Besides our intrepid journalists, Beaks introduces us to an old man on a Spanish country estate who lost an eye to a falcon and will not let that happen again. We also meet his daughter and granddaughter and get to see the latter's ill-timed outdoor birthday party that descends into bird attack madness. In addition, we get a couple living in Rome who survived a similar bird attack 30 years previously, a beer-swilling bikini babe and her ill-fated boyfriend, a pair of unlucky hang-gliders, and a New York family on vacation in Puerto Rico in the wrong place at the wrong time. All these people are pretty boring, though I did enjoy the Puerto Rican mayor with crazy eyebrows who decides to deal with the bird epidemic by resignedly heading to the bar for some brandy.
We get a few nods to Hitchcock's chimney scene in the better bird attack movie, but like I said to Cardona in our 1988 vice presidential debate, "Rene, I watched a lot of Hitchcock.

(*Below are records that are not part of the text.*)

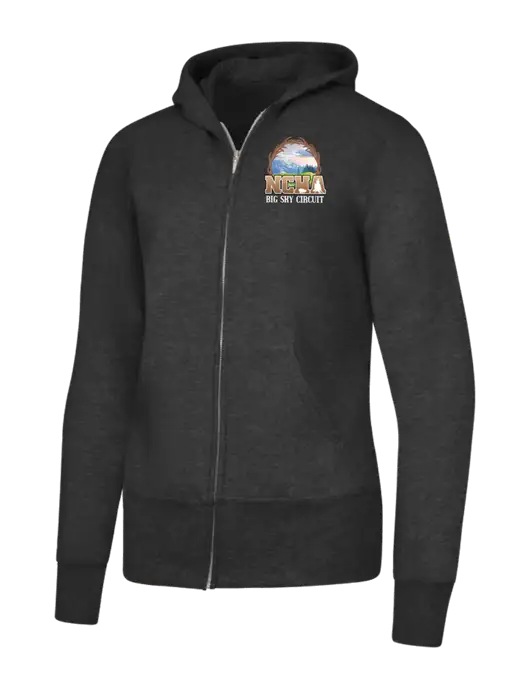 Dark Heather Grey Womens Core Fleece Full-Zip Hooded Sweatshirt w/NCHA Big Sky Circuit Logo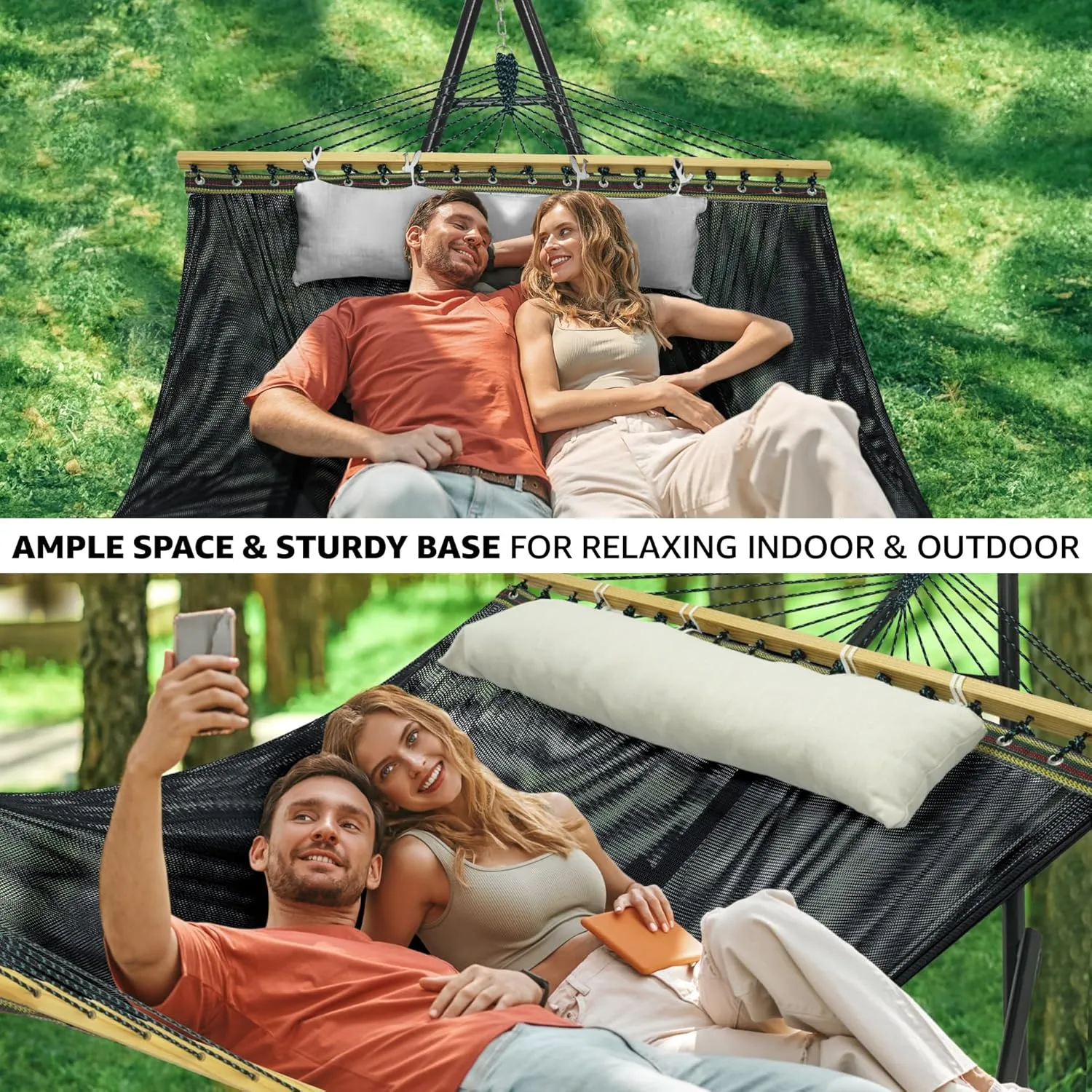 Tranquillo Unity Adjustable Hammock Stand, 800 lbs Capacity Steel Double Hammock Stand for 2 Persons, Premium Pre-Assembled Stand for Indoor Outdoor, Black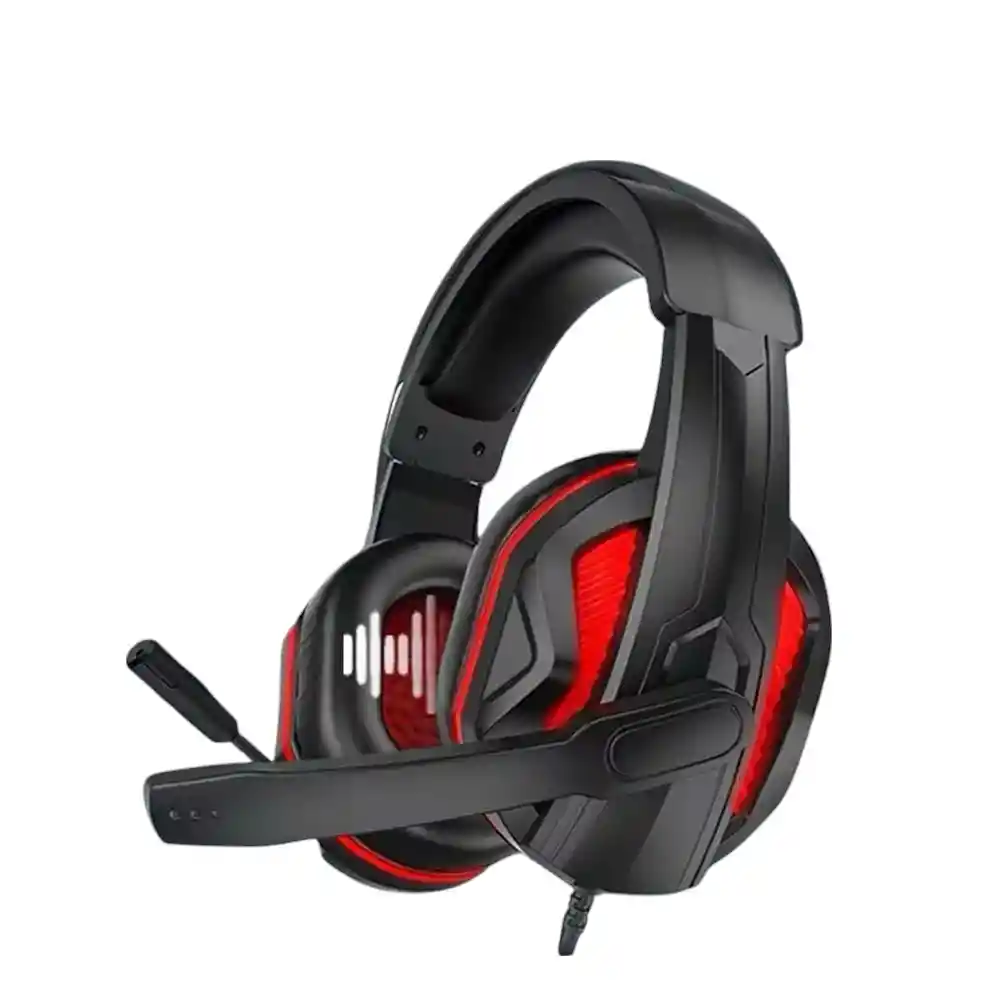Diadema Tipo Gamer Pc Plug Amd-02 Nuevo Rojo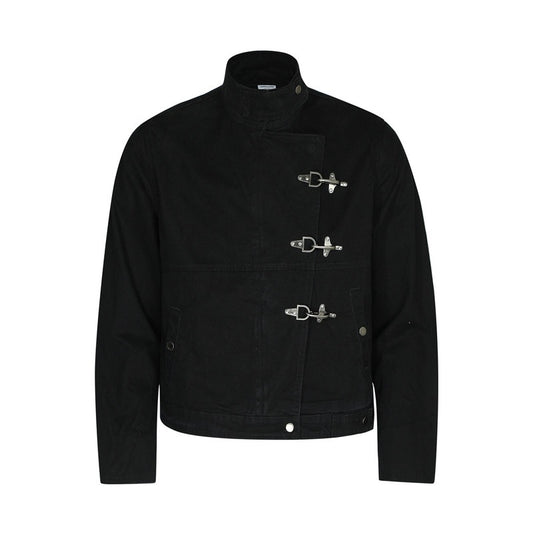 Retro Airplane Buckle Denim Jacket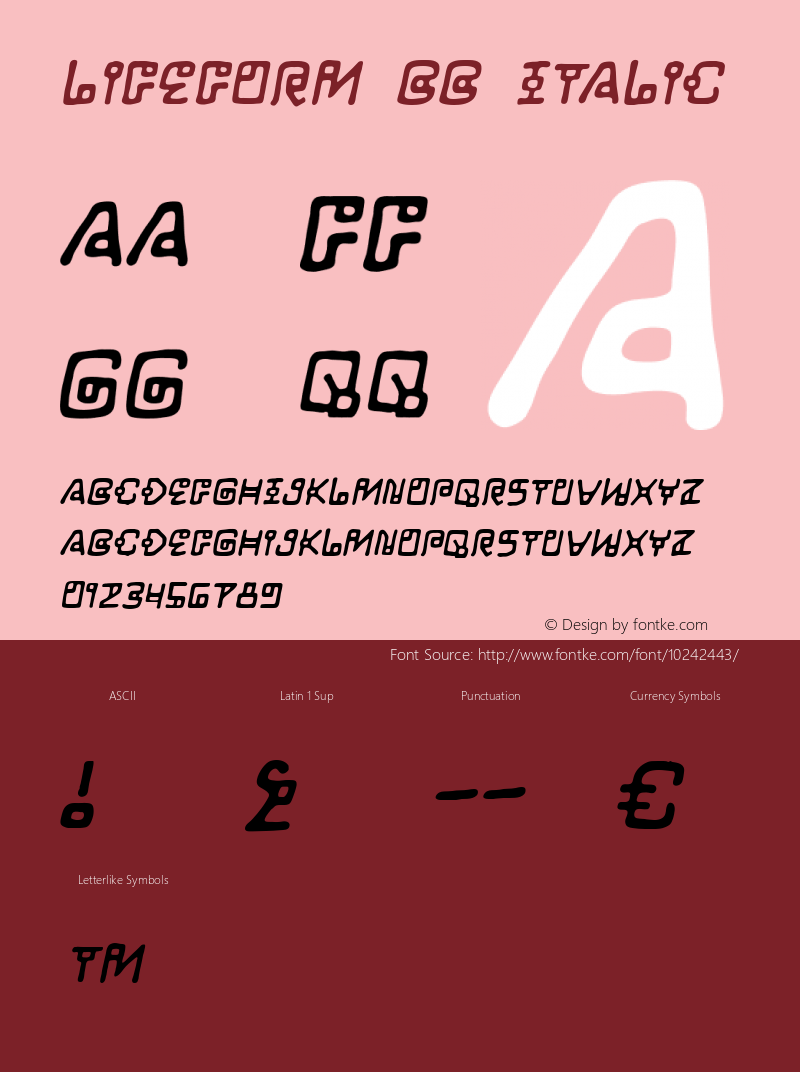 LifeForm BB Italic Version 1.000 Font Sample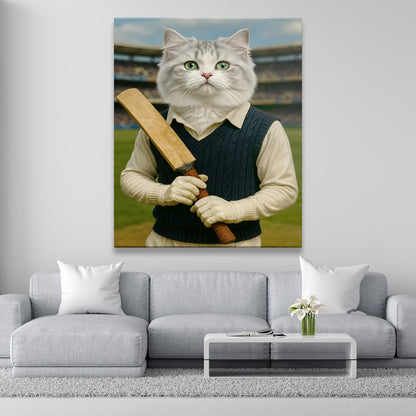Custom Photo Cricket Cat Canvas Gift For Cat Lovers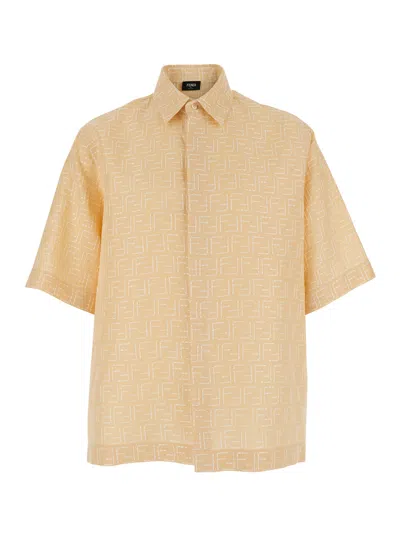 FENDI FENDI MEN YELLOW SHIRT WITH WIDE SHORT SLEEVES AND ALL-OVER FF MOTIF IN LINEN BLEND MAN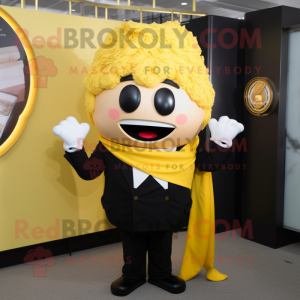 Yellow Ramen mascot costume character dressed with a Tuxedo and Gloves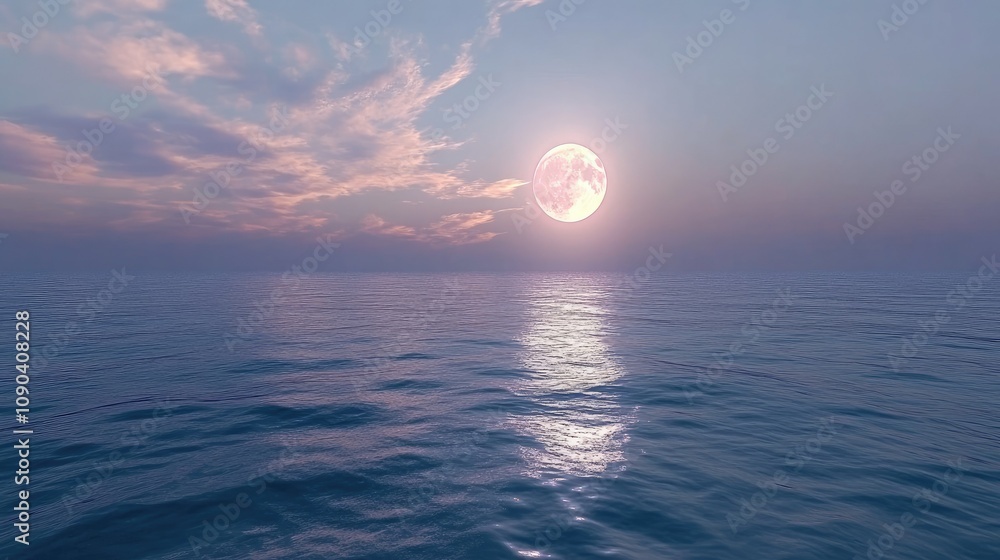 Poster serene calm of a moonlit ocean at dusk with soft clouds reflecting a beautiful glow across tranquil 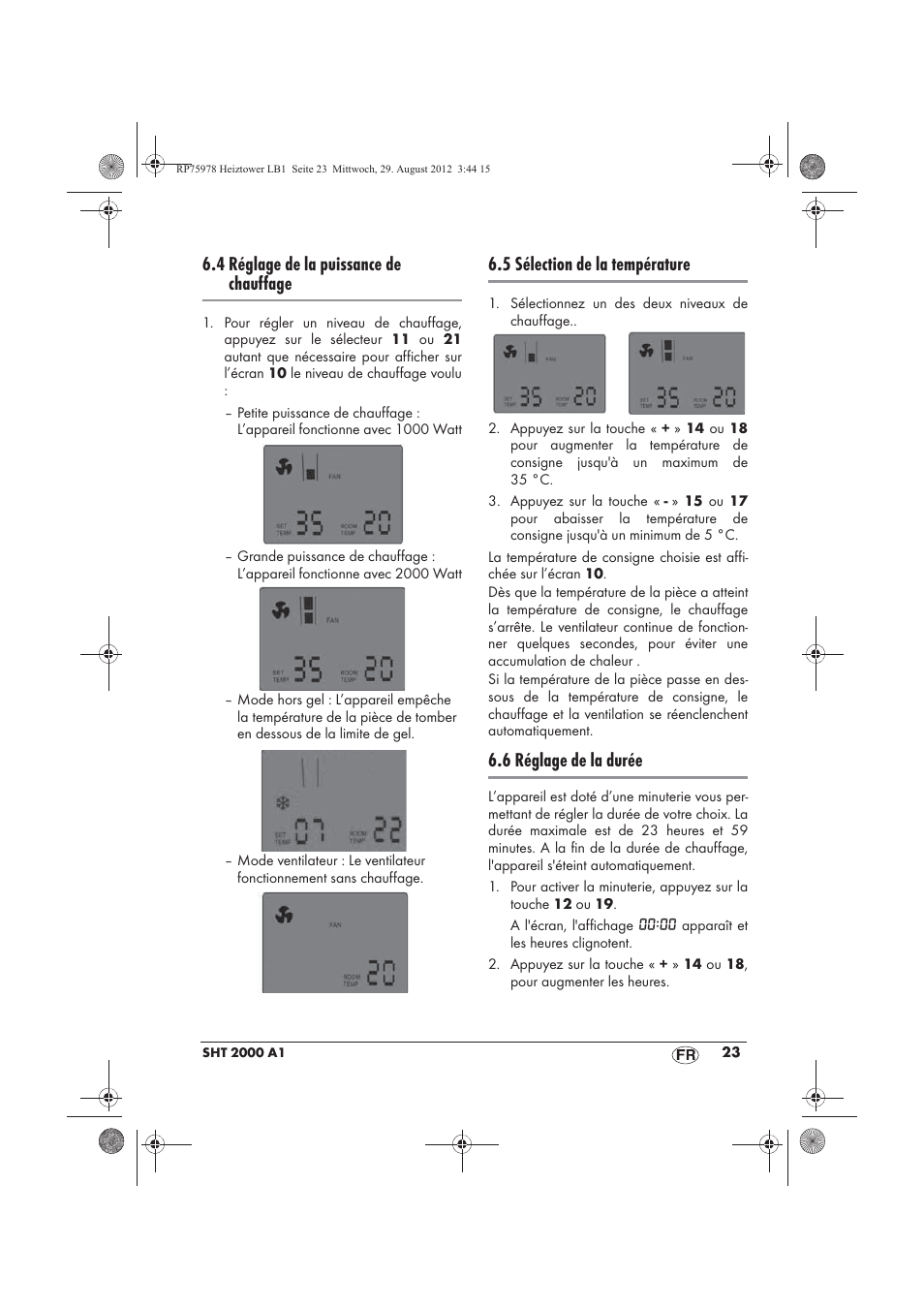 4 réglage de la puissance de chauffage, 5 sélection de la température, 6 réglage de la durée | Silvercrest SHT 2000 A1 User Manual | Page 25 / 70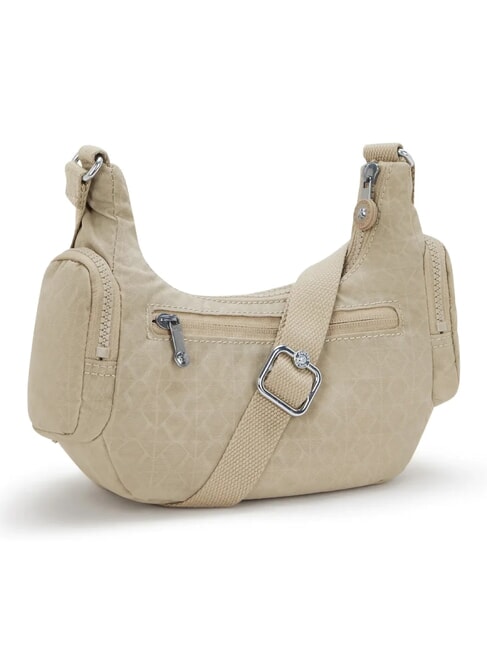 RIKKA MINI Bolso de hombro Firma en relieve beige - Bolsos Mujer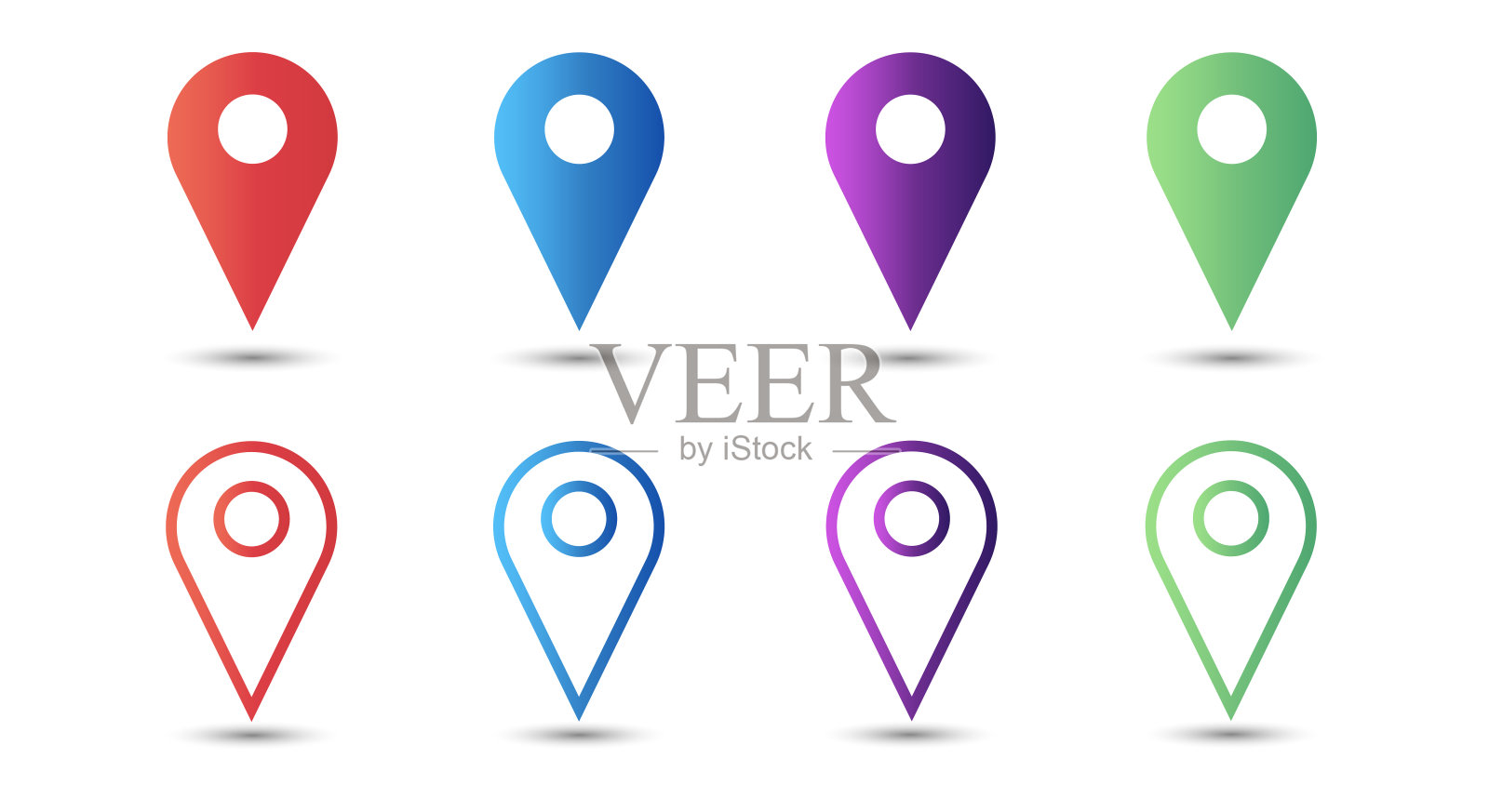 一组彩色矢量地图引脚位置图标图标素材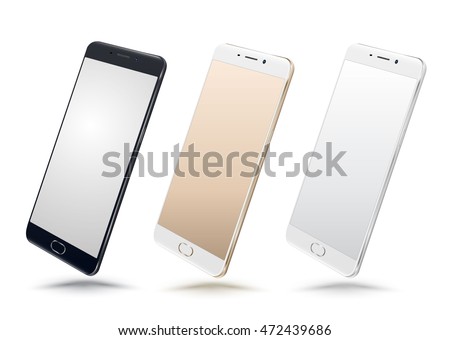 Vector Realistic perspective smartphone mockups set isolated. Vector illustration for printing and web element, Game and application mockup.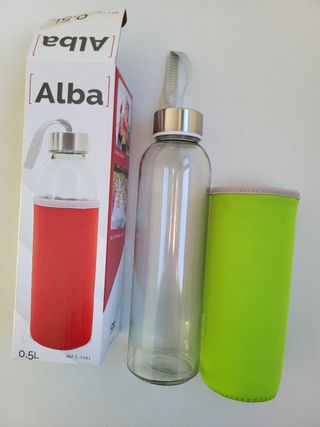 Botella para agua 0.5L con funda verde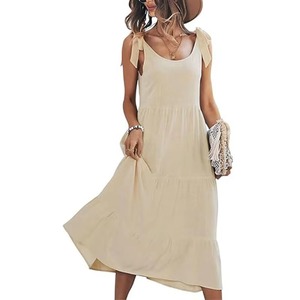 Vestido MIDI con gradas amarillo mostaza estilo bohemio con tirantes y dobladillo fluido perfecto para picnics de vacaciones de verano - Product Image 6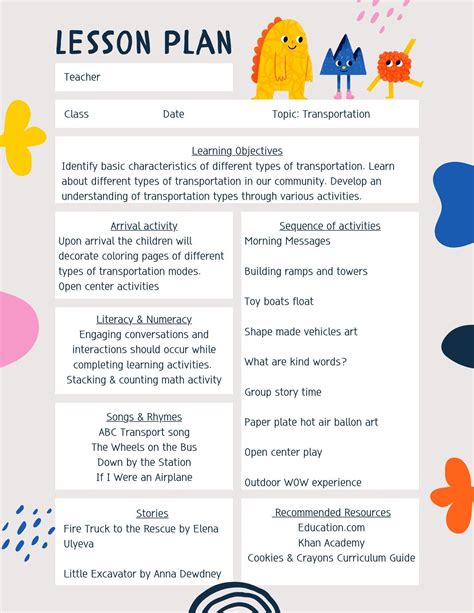 Transportation Lesson Plan 的图像结果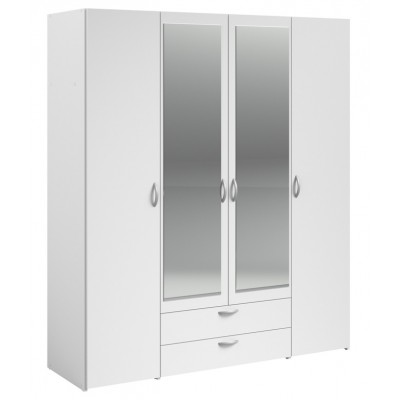 Parisot Daily 4 Door 2 Drawer Mirrored Wardrobe - White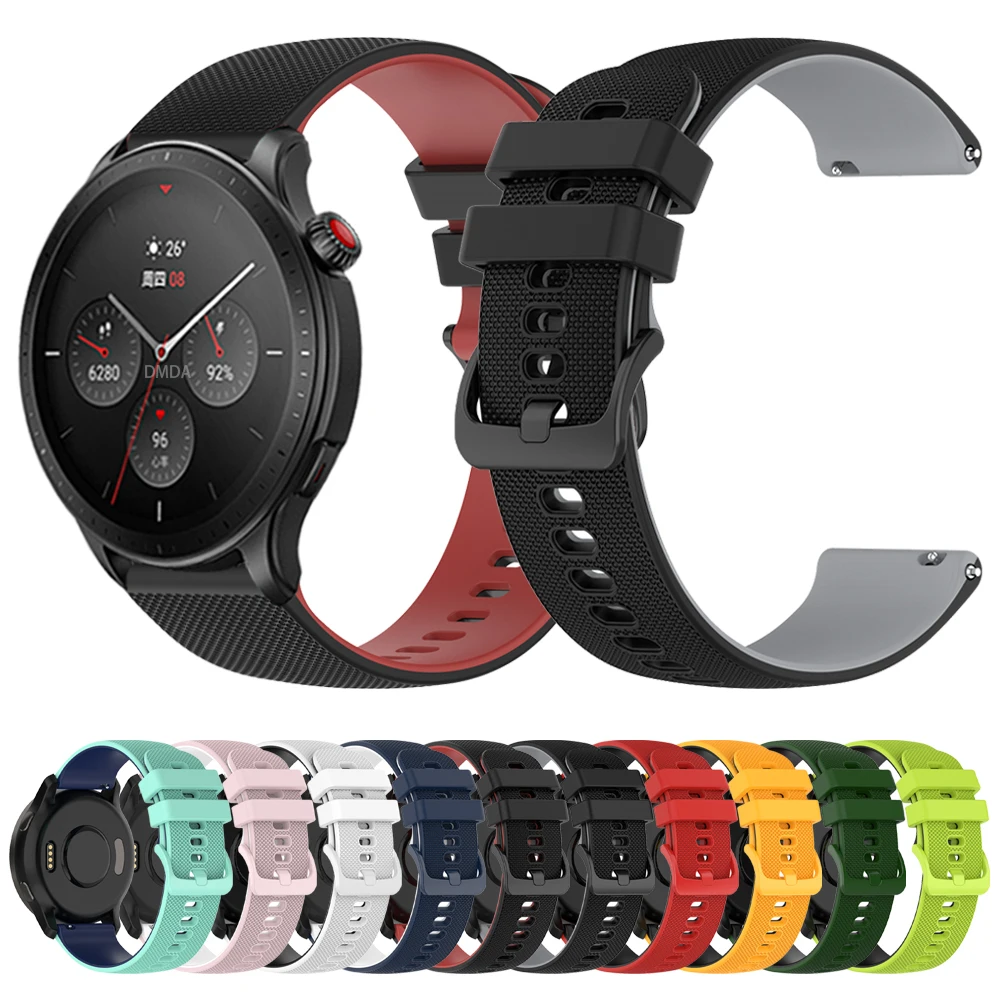 Correa deportiva de silicona para Huami AMAZFIT GTR 4 3 Pro, pulsera suave de 47mm, 20mm, 22mm, GTS 4 3 2e BIP 5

I enjoyed Hitchcock. Hitchcock was a favorite of mine. Rene, you're no Alfred Hitchcock (audience goes bananas)." Beaks picks up a little when our heroes convince the Puerto Ricans to evacuate everyone and put them on a train the hell out of there. For some reason, the train seems to be populated entirely by punk rockers who don't give a shit about your bird-avoiding rules and whiny old people who don't want to be told what to do by a young woman who looks kind of like Brooke Shields. The birds eventually simmer down, for reasons as mysterious as their motivation for simmering up, but a baffling ending in a lake means the fish are probably going to go crazy next.
Beaks is only 86 minutes but feels much longer. The best moment happens early, when the journalists are covering a story about a man who can shoot pigeons while blindfolded. Peter asks him his reasons for killing the birds and the man says for pleasure. Peter: "For pleasure? Faaaaaaack!" I also enjoyed the bizarre contradictions and unexplained plot developments. A couple has a flat tire and no jack, but are driving away on a fully inflated tire in the next scene. The same couple is stranded under a dock, but are shown riding away in a boat in the next scene. Characters appear in different locations in consecutive scenes before magically reappearing where they once where. A nude scene with an obvious body double is reused twice, even though its first use makes no sense because Vanessa is covered in soap bubbles but hasn't even stepped in the bubble bath yet. This continuity clusterfudge is highly enjoyable to me.
Director Rene Cardona, Jr., was a Mexican filmmaker who mostly worked on Spanish-language films, but he also had many English-language B-movies on his CV, including The Bermuda Triangle, Tintorero: Killer Shark, and the Jonestown biopic Guyana: Cult of the Damned. He died in 2003. I'm sorry to speak ill of the dead, but Beaks: The Movie is not good.